Koroner arterler kalbin kendisini besleyen damarlara verilen isimdir. Tüm vücuttaki kan akımının %3-5’i koroner damarlardan geçer. Koroner arter hastalığı bu damarların kendisinde meydana gelen tıkanıklıklarla ortaya çıkan hastalığa verilen isimdir. Koroner arter hastalığına bağlı miyokard infaktüsü tek başına ABD’de ölümlerin % 20-25’inden sorumludur. Koroner arter hastalığı için risk faktörleri: Kan yağ değerlerinde bozukluk, hipertansiyon, sigara kullanımı, şeker hastalığı, ailede koroner arter hastalığının bulunması, fazla kiloluluk, fiziksel inaktivite, yağlı beslenme alışkanlığı, yaş (erkeklerde ≥45, kadınlarda ≥55 ) koroner arter hastalığı için risk faktörleridir.
Şikayetler ve Belirtileri
Hiçbir belirti vermeden yıllar boyunca ilerleyebileceği gibi, daha önceden olmayan, yeni başlayan çabuk yorulma, eforla gelen ve eforu kısıtlayan göğüs, sırt, kol ağrısı, yine yeni gelişen eforla alakalı nefes darlığı sık görülen belirtilerdir. Bunu yanı sıra koroner arter hastalığının ilk bulgusu ani kalp krizi ya da daha şanssız hastalarda ani ölüm olabilir.
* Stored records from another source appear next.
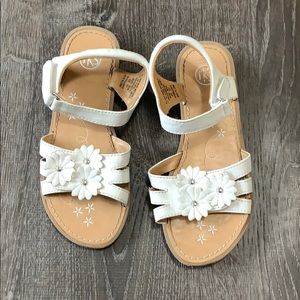 White sandals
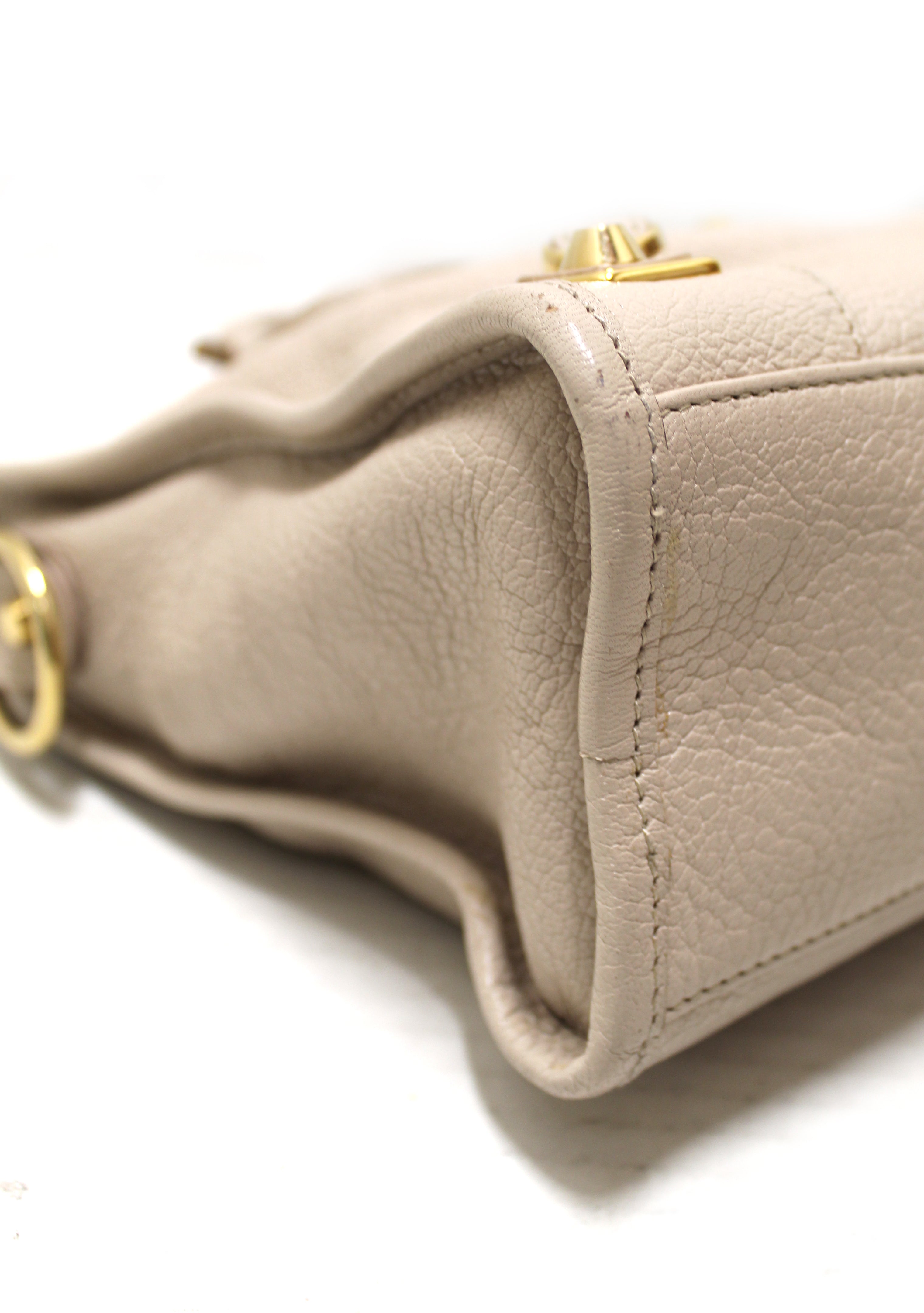 Authentic Balenciaga Ivory Classic City Small Lambskin Leather Shoulder Bag for Women - Luxury Designer Handbag for Everyday Use, Work & Evening Events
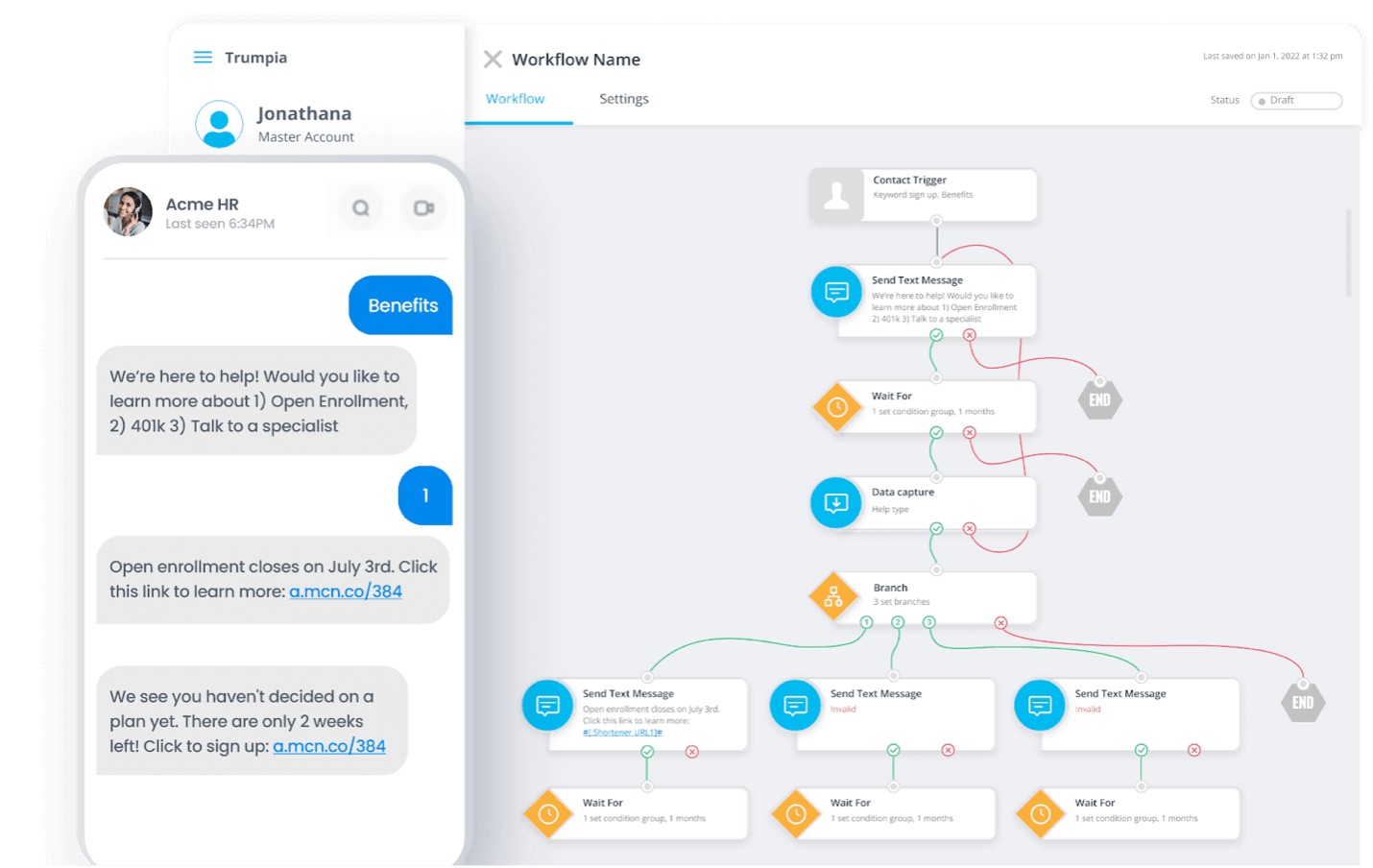 TrumPia automated workflow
Göğüs ağrısı koroner kalp hastalığı için tipiktir bu ağrı sol kola, boyuna veya karının üst bölgesine yayılabilir. Bazen ağrı olmadan sadece göğüste baskı, yanma veya yorgunluk hissi olabilir. Koroner arter hastalığında hastalığın ciddiyeti ile hastalığın bulguları paralellik göstermez. Çok ağır bir koroner hastasının hiçbir yakınması olamayabilir.
Koroner Arter Hastalığında Tanı Yöntemleri
EKG, Eforlu EKG, Sintigrafi, Ekokardiografi ve Koroner Anjiografi yöntemlerinden yararlanılır.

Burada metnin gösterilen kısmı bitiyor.